__Problem details__: Once the line containing "电影精灵播放器免费版图1" is found in the material below, it and every line after it should be transcribed exactly, with pictures left out and nothing added.

*** Material for this exercise ***

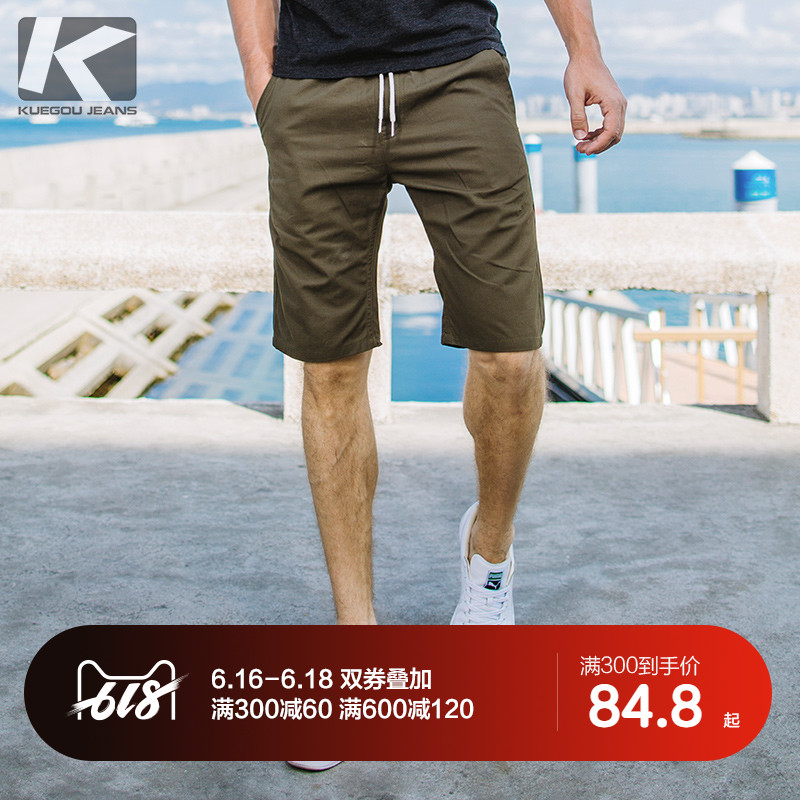 Cool clothing purchase Pants Korean Edition Self cultivation pure cotton Five point pants shorts summer Trend trousers 4547in the Men's clothing, Casual pants category - from Buy2taobao.com to provide professional Taobao agent buy service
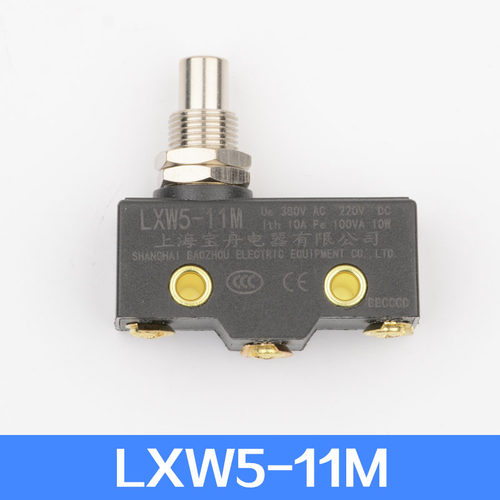 上海宝舟微动开关抱闸检测开关LXW5-11M 11N1 11Q1 11D1电梯配件 - 图2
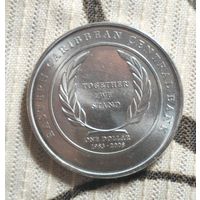 Восточные Карибы, 1 доллар, 2008 г., 25 лет Восточно-карибскому центральному банку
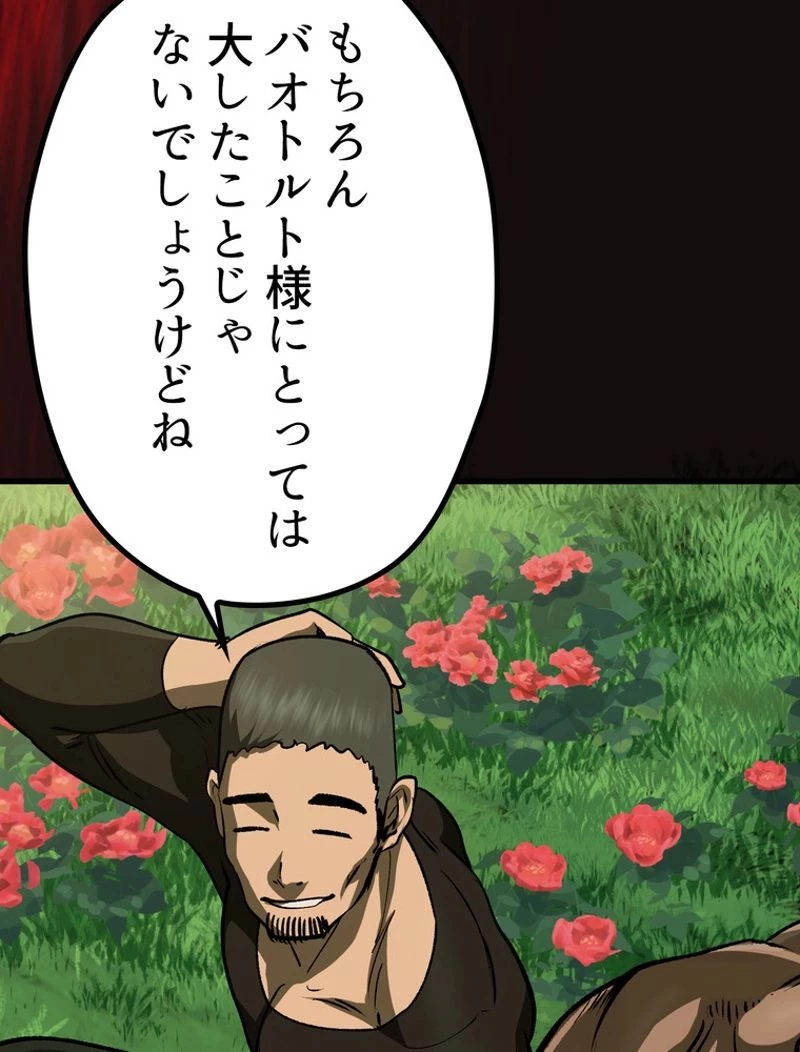 異世界剣王生存記 第116話 - 148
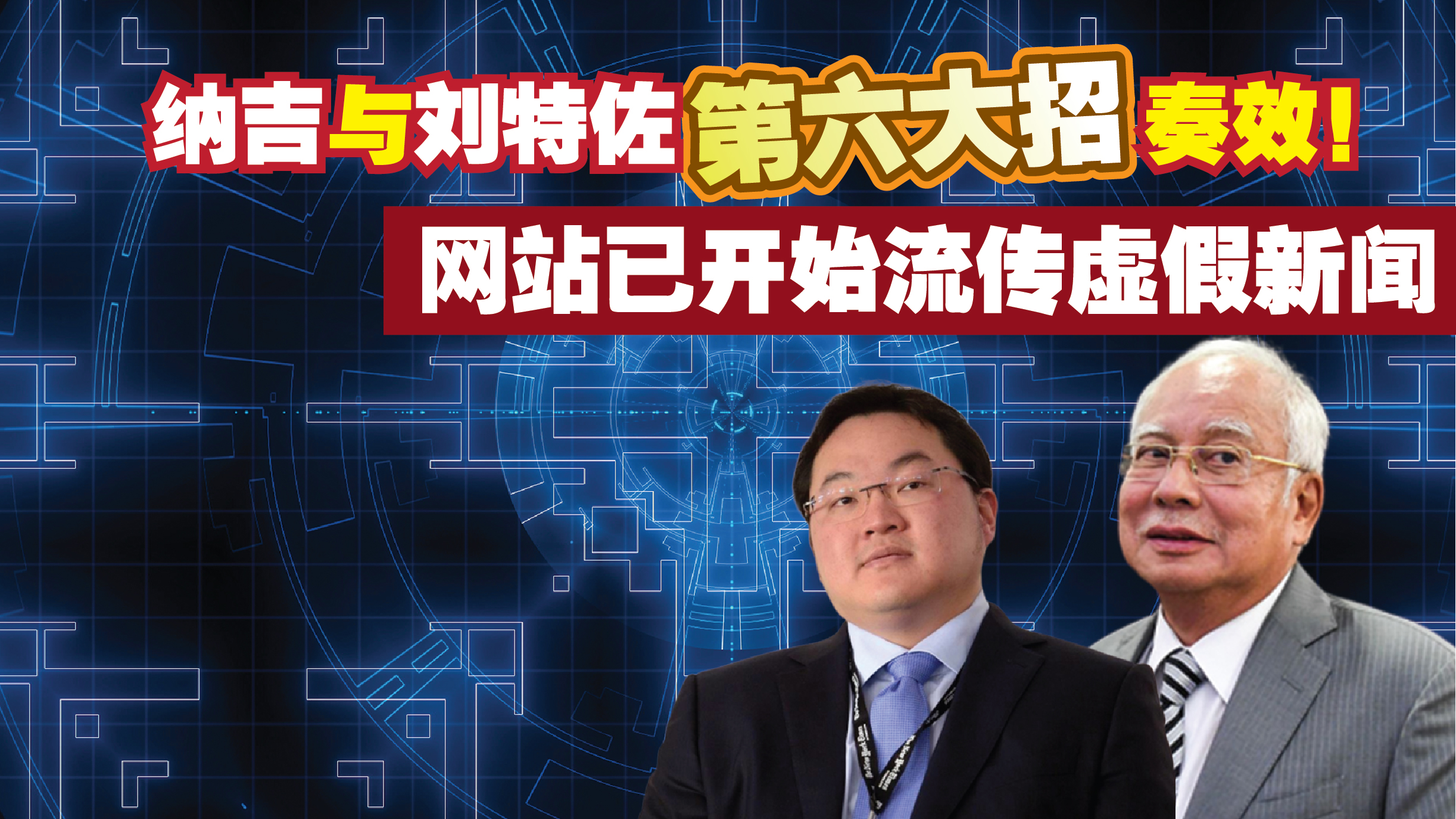 纳吉与刘特佐第六大找奏效，已有网站开始流传假新闻！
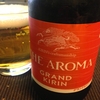 キリンビール発のエール 「GRAND KIRIN THE AROMA」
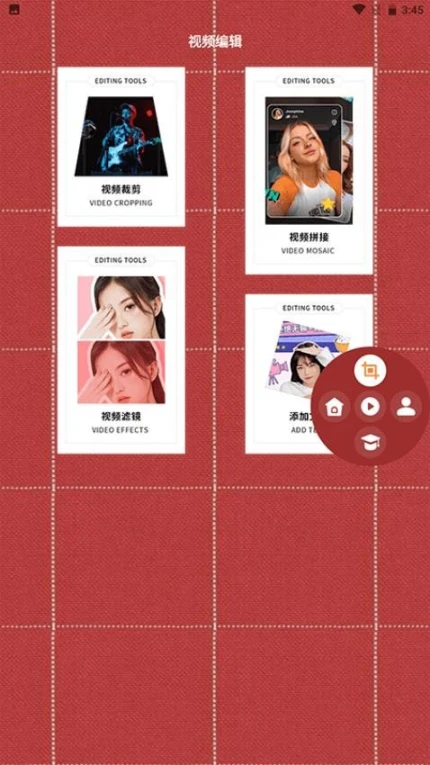 电影精灵播放器免费版图1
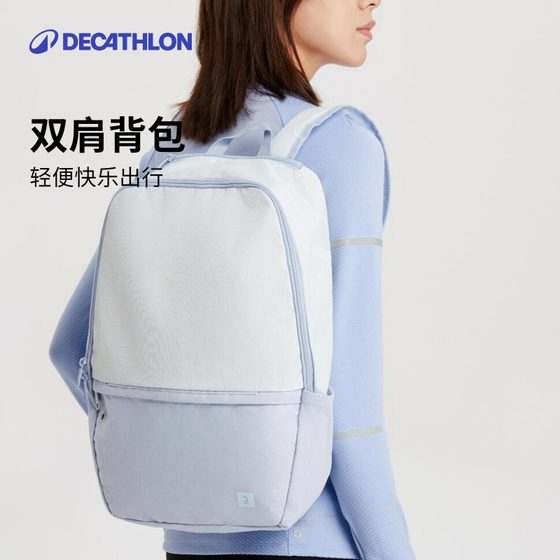 Decathlon 배낭 학교 가방 남자 대용량 여행 배낭 스포츠 및 레저 컴퓨터 가방 대학생 ENS6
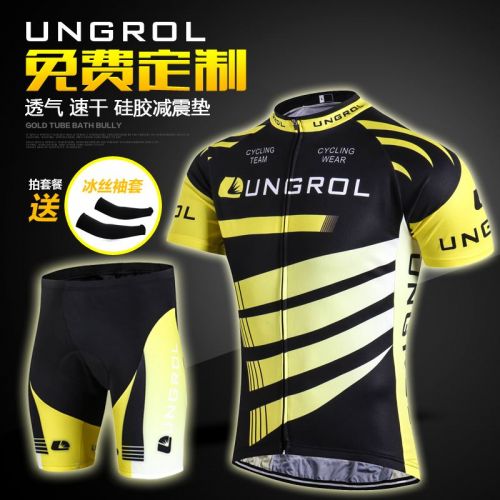 Tenue de cyclisme mixte UNGROL - Ref 2211049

*** End of Material for this exercise ***

__Output__:
 电影精灵播放器免费版图1
 Decathlon 배낭 학교 가방 남자 대용량 여행 배낭 스포츠 및 레저 컴퓨터 가방 대학생 ENS6
 Tenue de cyclisme mixte UNGROL - Ref 2211049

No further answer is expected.